Directions: A word-for-word copy is needed of the line containing "Tensei Kyuuketsukisan wa" and every line after it through the end of the records below, leaving out all pictures.

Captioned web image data
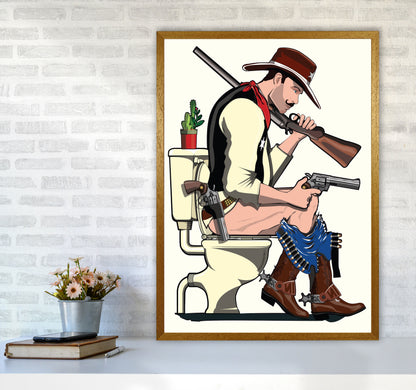 Cowboy by Wyatt9 A1 Print Only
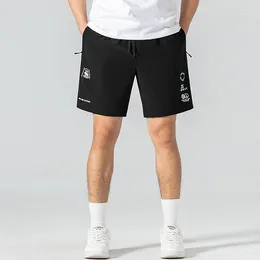 Men's Shorts Body Beach Quick Dry Running Sports Board Black For 2024 Summer Casual Breathable Classic Pants Trouers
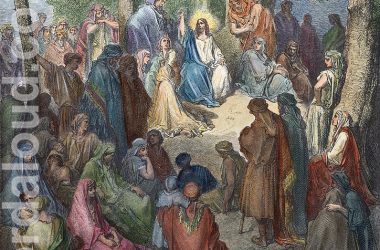 Jesus Preaches The Sermon On The Mount | Beatitudes
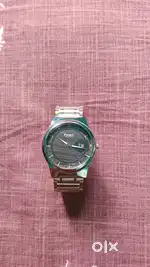 Classy metal watch for men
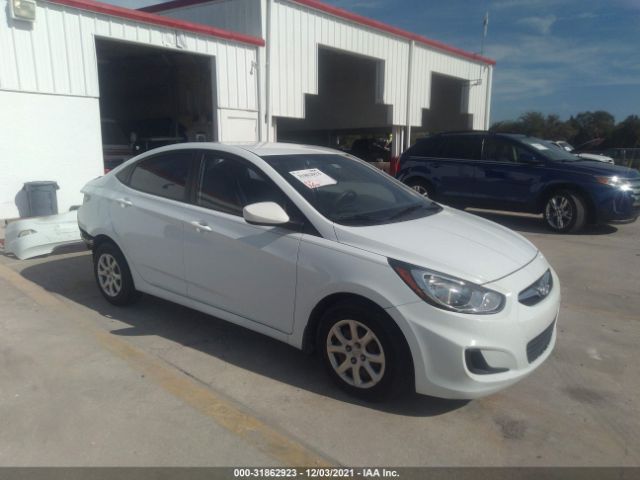 HYUNDAI ACCENT 2013 kmhct4ae5du289005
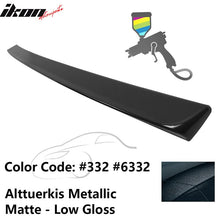 Load image into Gallery viewer, 1995-2001 Mercedes Benz W210 Sedan ABT Style Rear Trunk Spoiler ABS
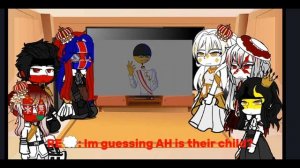 Past Countryhumans react to future||Last part||Countryhumans||History||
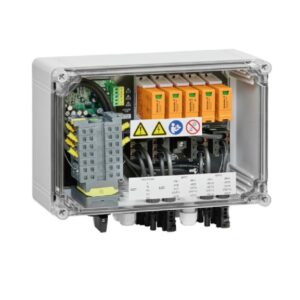 Weidmüller DC-Feuerwehrschalter inkl. ÜSS, 2In 2MPPT EVO 11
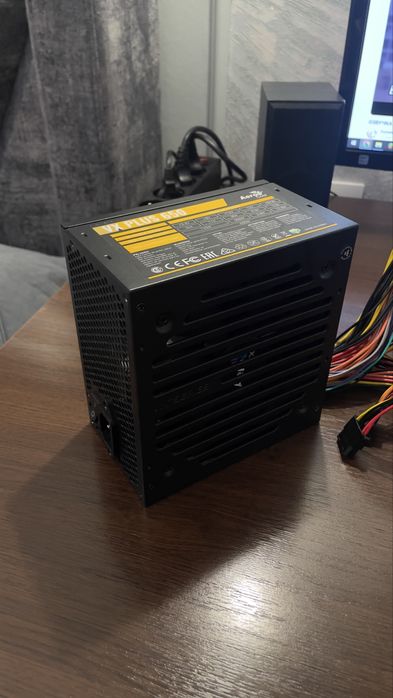 Блок питания Aerocool VX plus 650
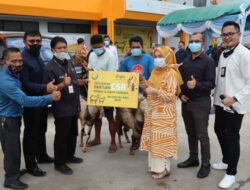 Sambut Idul Adha, PLN Batam Bagikan 64 Hewan Qurban Untuk Warga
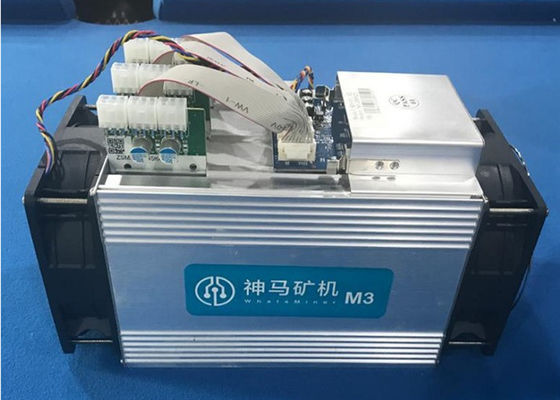 2100W คนขุดแร่ Bitcoin Asic เก่า Whatsคนขุดแร่ M3 12TH/S 335*125*155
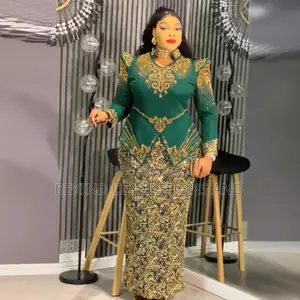 Rich Auntie's Sequence Dress
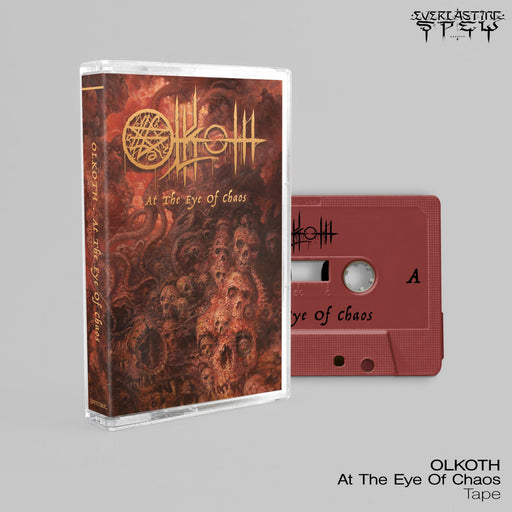 Olkoth - At The Eye Of Chaos (Cassette)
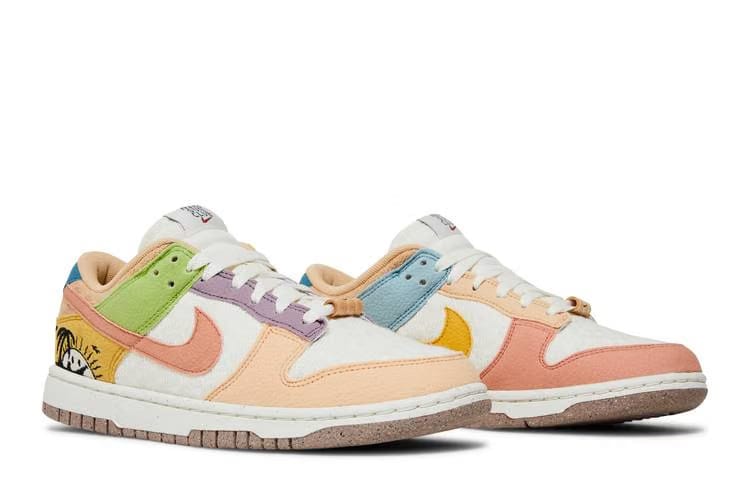 Wmns Dunk Low Se Sun Club Multicolor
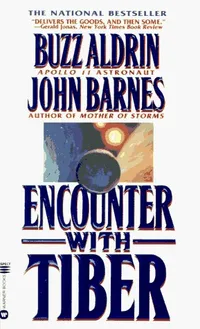 Cover of Encounter with Tiber by Buzz Aldrin
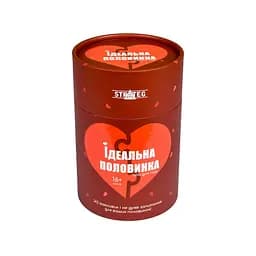 Настольная игра "Идеальная половинка" Strateg 30888 игральные карты 71 шт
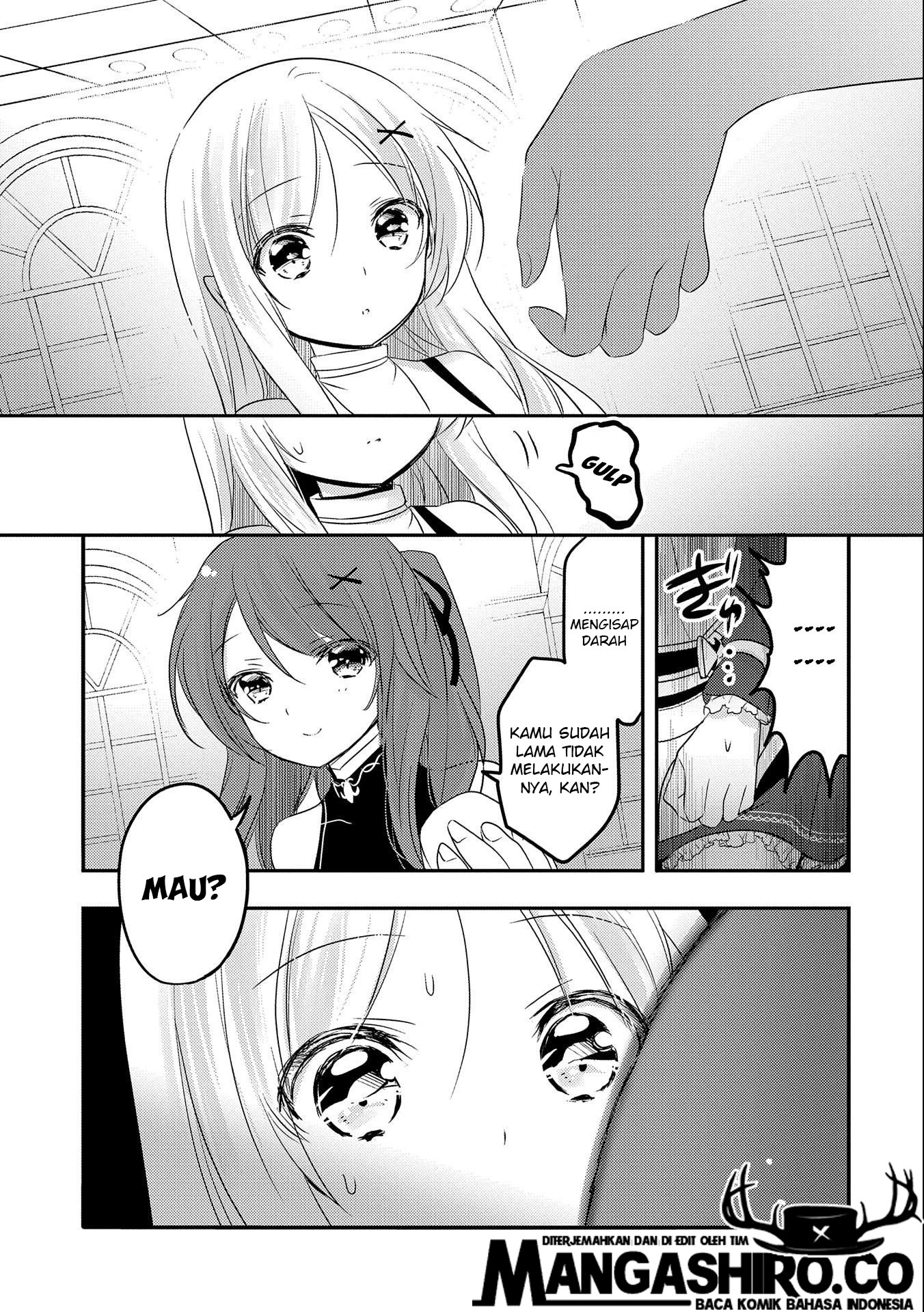 Tensei Kyuuketsukisan wa Ohirune ga Shitai chapter 27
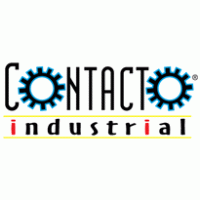 Contacto Industrial Logo Vector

Your response:
 Tensei Kyuuketsukisan wa Ohirune ga Shitai chapter 27
 Contacto Industrial Logo Vector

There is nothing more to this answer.